### AIM OF THE EXERCISE
The result should be the lines from the one that contains "Insert Etsy Succulent" to the final line of the entries below, copied exactly and with no pictures.

[Captioned web image data]
=== Section Start ===

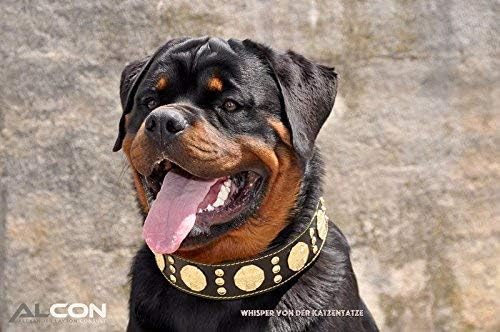 Bestia Maximus Genuine Leather Dog Collar, Large Breeds, Cane Corso, Rottweiler, Bullmastiff, Dogo, Quality Dog Collar, 100% Leather, Studded, L- XXL Size, 2.5 Inch Wide. Padded. Made in Europe!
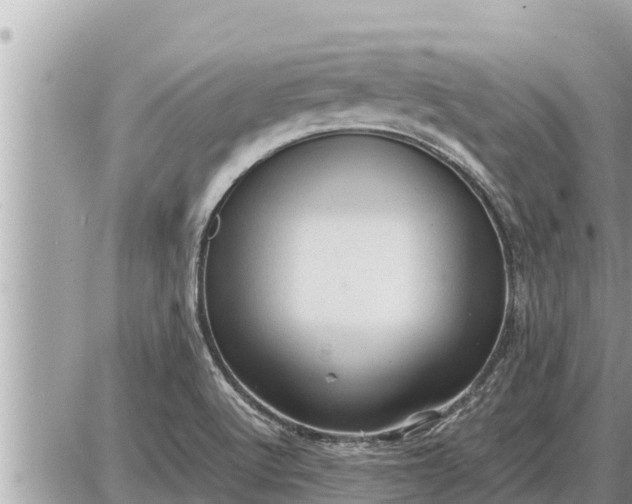 X0000087401512200705042022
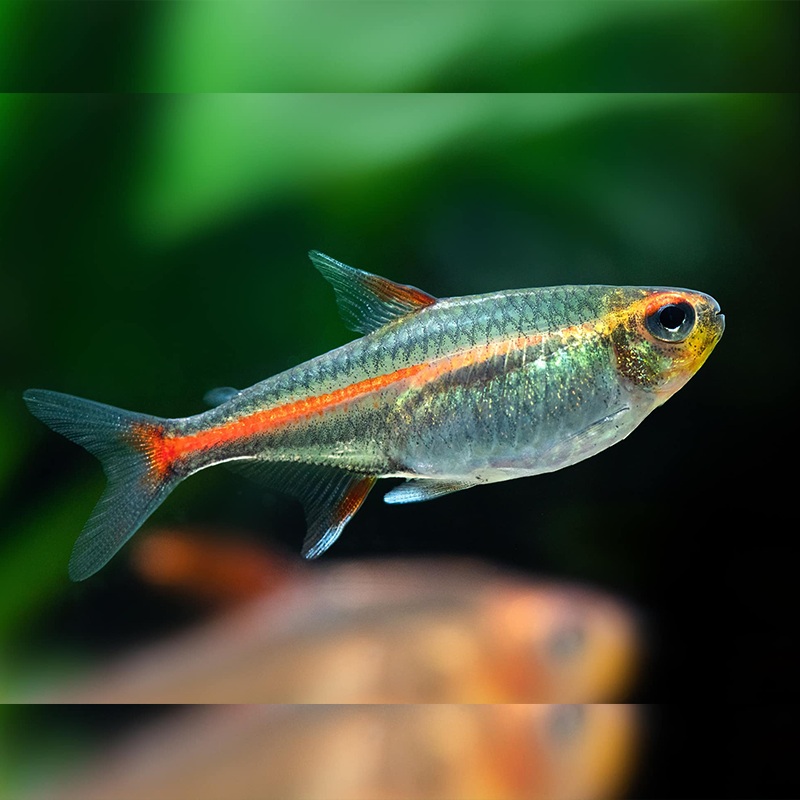 Glowlight Tetra (5pcs)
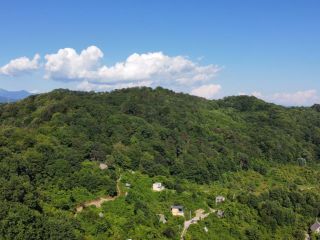 Продаю земельный участок фото Сочи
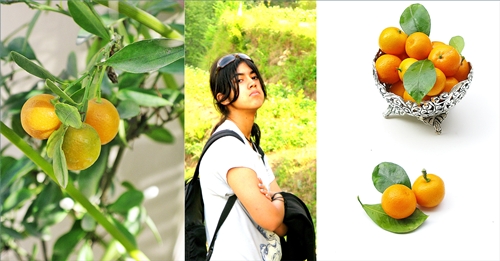 Chocolate Orange Almond Gateau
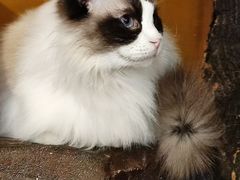 -猫猫幼稚园·撸猫·桌游·电玩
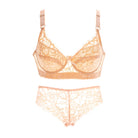 Lace Panty and Briefs -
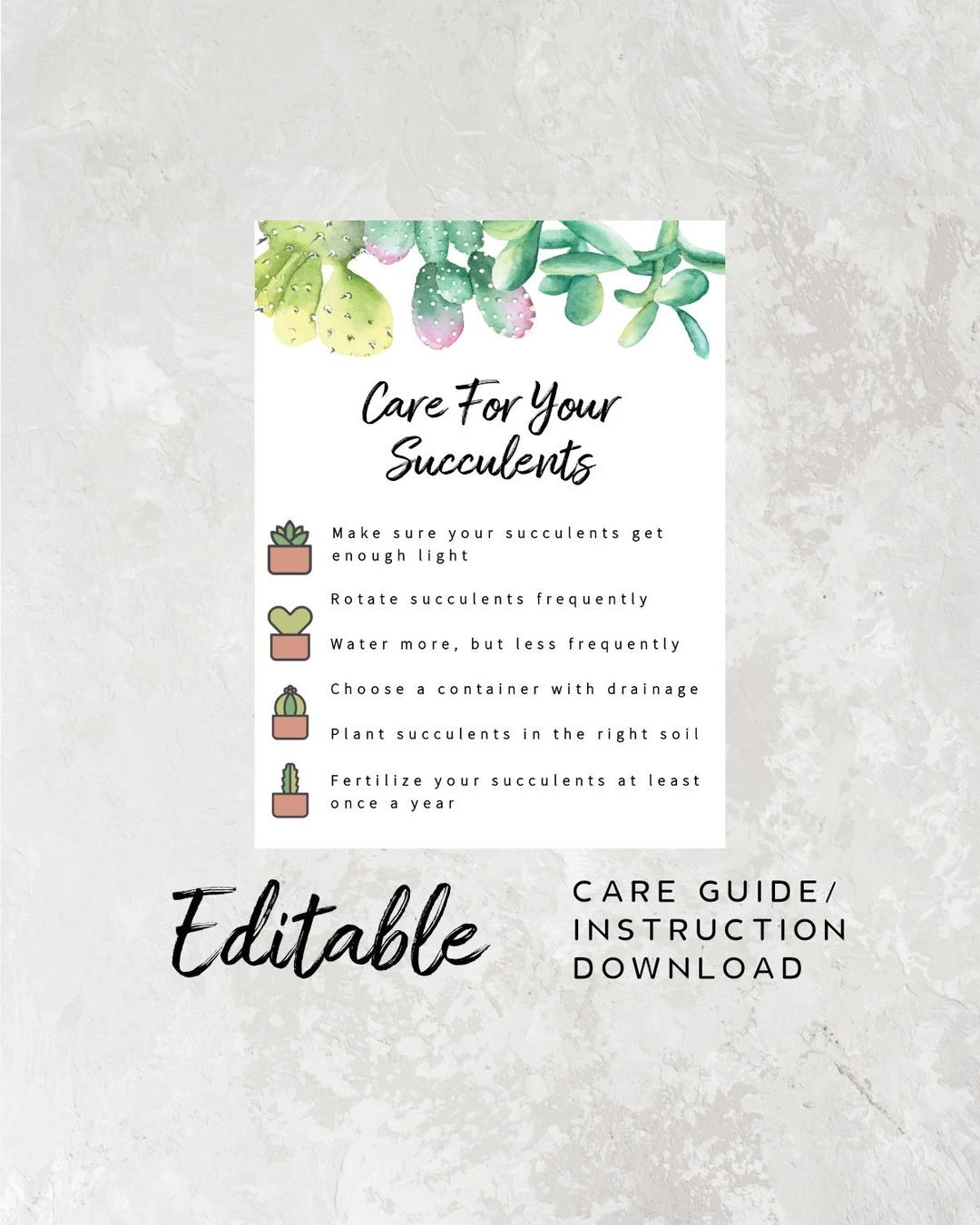 Succulent Care Guide Insert Printable Care Guide Plants Care Instruction Card For Cactus Care Guide Print Out Editable Order Insert Etsy Succulent Care Guide Insert Printable Care Guide Plants Care Instruction Card For Cactus Care Guide Print Out Editable Order Insert Etsy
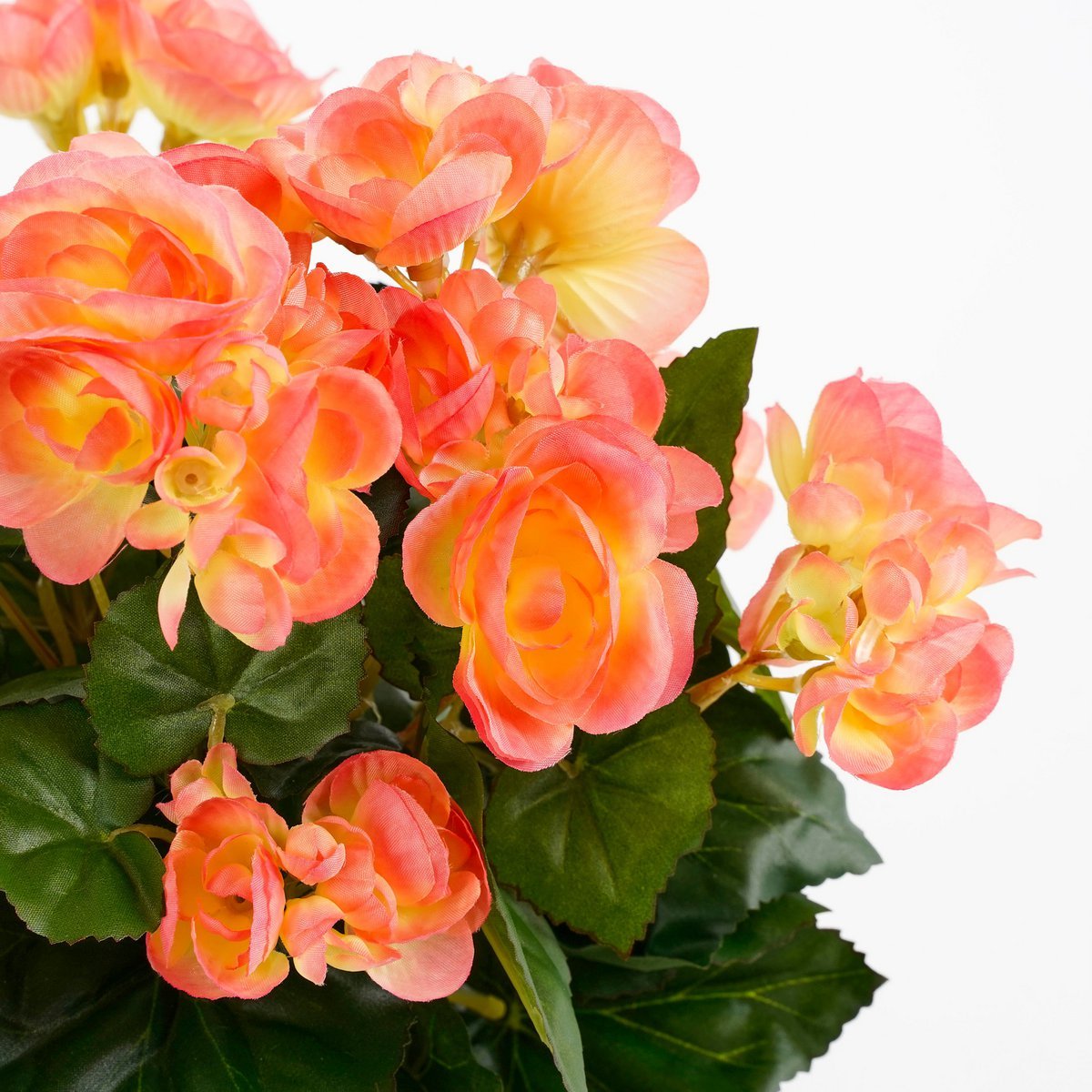 Mica Decorations - Begonia Kunstplant in Bloempot Stan - H30 x Ø25 cm - Zalmroze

=== Section End ===

### EXPECTED ANSWER
 Succulent Care Guide Insert Printable Care Guide Plants Care Instruction Card For Cactus Care Guide Print Out Editable Order Insert Etsy Succulent Care Guide Insert Printable Care Guide Plants Care Instruction Card For Cactus Care Guide Print Out Editable Order Insert Etsy
 Mica Decorations - Begonia Kunstplant in Bloempot Stan - H30 x Ø25 cm - Zalmroze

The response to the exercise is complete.